§ THE PROBLEM: Please repeat the data below exactly, with the pictures removed.

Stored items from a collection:
____________________
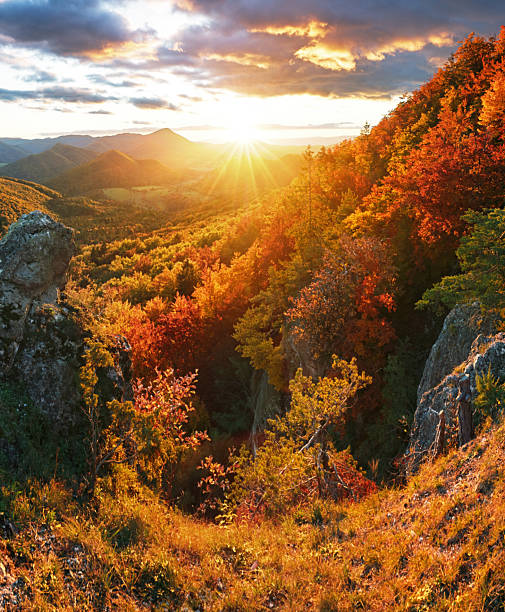 istock Forest and rocks mountain with sun at beautifull red sunset 2244617456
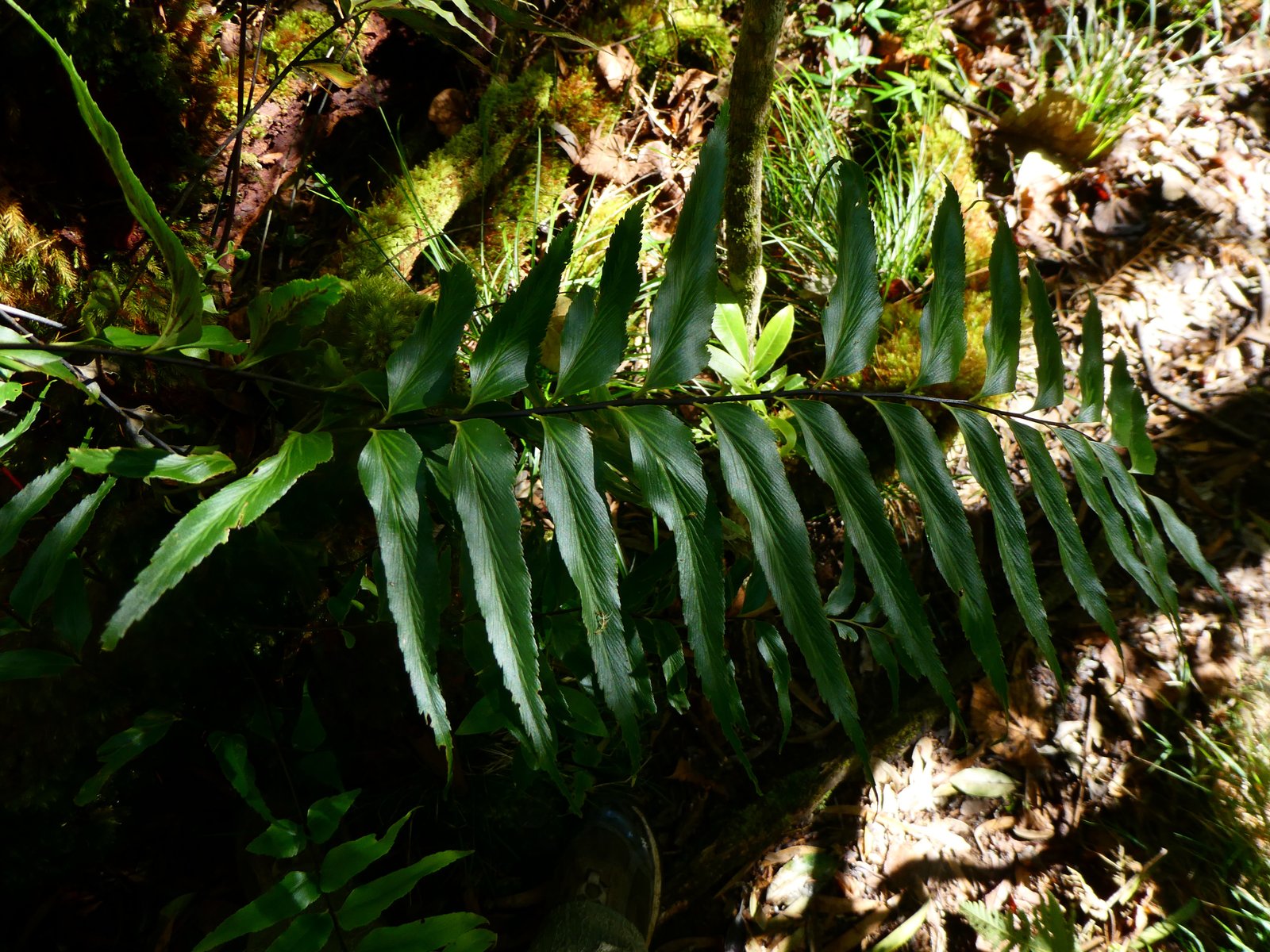 Asplenium nitens.JPG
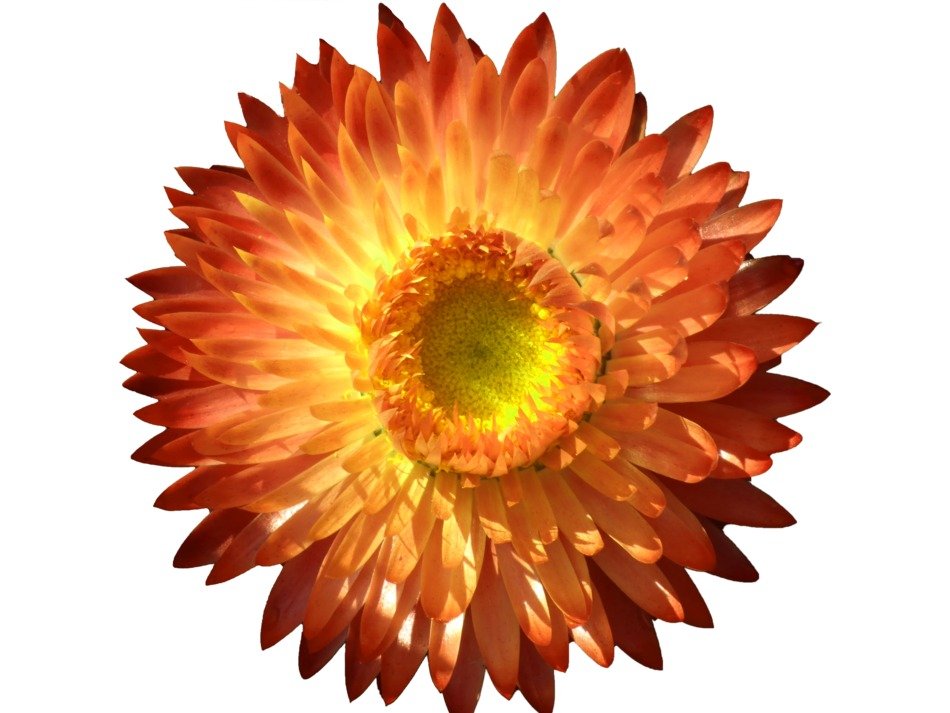 Italicum Blossom Bloom Orange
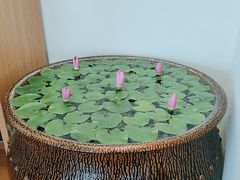 -第六季自助餐厅(北太平庄店)
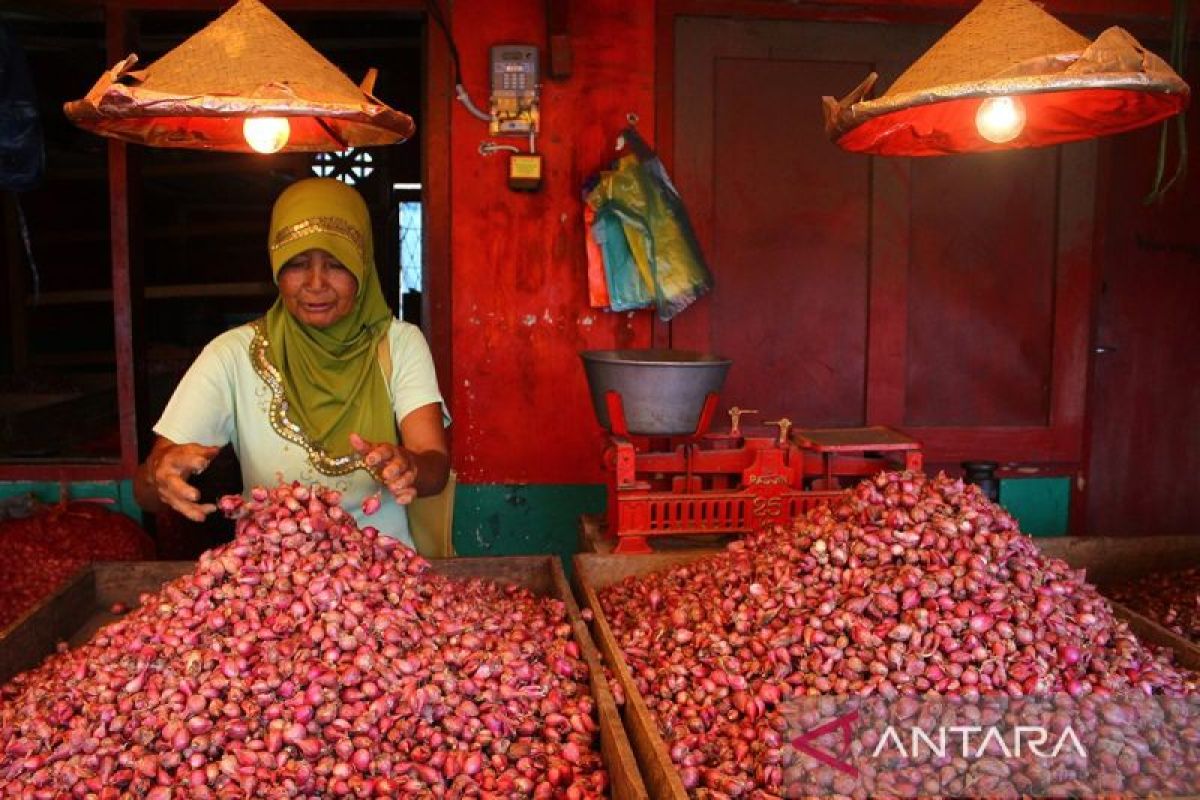 Pusat Perkotaan Malang deflasi 0,36 persen didorong penurunan nilai bawang merah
____________________
§ ANSWER FOR THIS EXERCISE:
 istock Forest and rocks mountain with sun at beautifull red sunset 2244617456
 Asplenium nitens.JPG
 Italicum Blossom Bloom Orange
 -第六季自助餐厅(北太平庄店)
 Pusat Perkotaan Malang deflasi 0,36 persen didorong penurunan nilai bawang merah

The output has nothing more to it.